バイヤーが本当に見たいもの(出現頻度順)
PowerReviews、eMarketer、Nfinite、BigCommerce など各種調査の自由記述を集計すると、要望は5つのカテゴリーに収束します。「買う前に見ておきたかった」と返品後インタビューでの言及頻度順に並べました。
1位 — 正確な色再現
返品後に最もよく挙がる不満は「色が違った」です。これは加工の不誠実さによるものではなく、防げたはずの3つの問題が原因です:
- 撮影時の 混合光源(窓光 + 暖色系電球 = 色温度がばらつく)
- 撮影時に ホワイトバランスの基準がない(グレーカードもニュートラル参照物もない)

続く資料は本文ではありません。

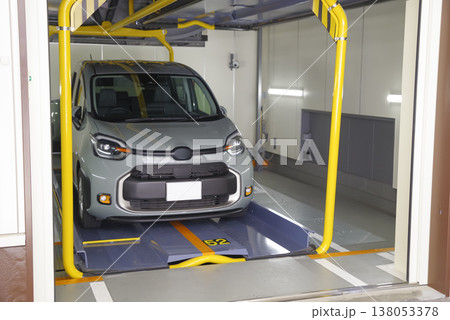 機械式駐車場に入出庫するコンパクトカー 138053378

- カラーバリエーションがある商品で 1点の画像だけ を使う —— バイヤーは1色のスウォッチを見て、他色も画面上で同じに見えると思い込む
バイヤーが求めるのは、すべてのカラーバリエーションを同一の照明で撮影したスウォッチグリッド、加えて既知の参照物(アパレルなら肌色など)を入れた1枚で、自分のモニター上でキャリブレーションできるようにすることです。
2位 — リアルなサイズ感
2番目に多い返品理由(家具・ホーム・アクセサリーでは1位)は「思ったより大きい/小さい」です。バイヤーの不満は次の通り:
- 「幅32インチ」という数字を 頭の中で映像にできない
- バッグに 13インチのノートPCが入るかわからない
- 家具が 実際の部屋でどれくらいの存在感になるかわからない
バイヤーが求めるもの、効果順:
| 手法 | 答えること | 工数 |
|---|---|---|
| 商品上に寸法を注釈で重ねる | 「各部位はどのくらい?」 | 低 |
| 身近な物との比較(コイン、手、ペットボトル) | 「自分の持ち物と比べてどのくらい?」 | 低 |
| 室内・着用イメージ | 「使う場所でどのくらい?」 | 中 |
| 旧モデルとの前後比較 | 「前モデルと比べてどう?」 | 中 |
バッグの商品ページが、まず単体、次に13インチPCを入れた状態、さらに身長167cmの人が背負った写真を出せば、サイズの問いに3通りで答えていることになります。1枚の画像ではなかなか難しい。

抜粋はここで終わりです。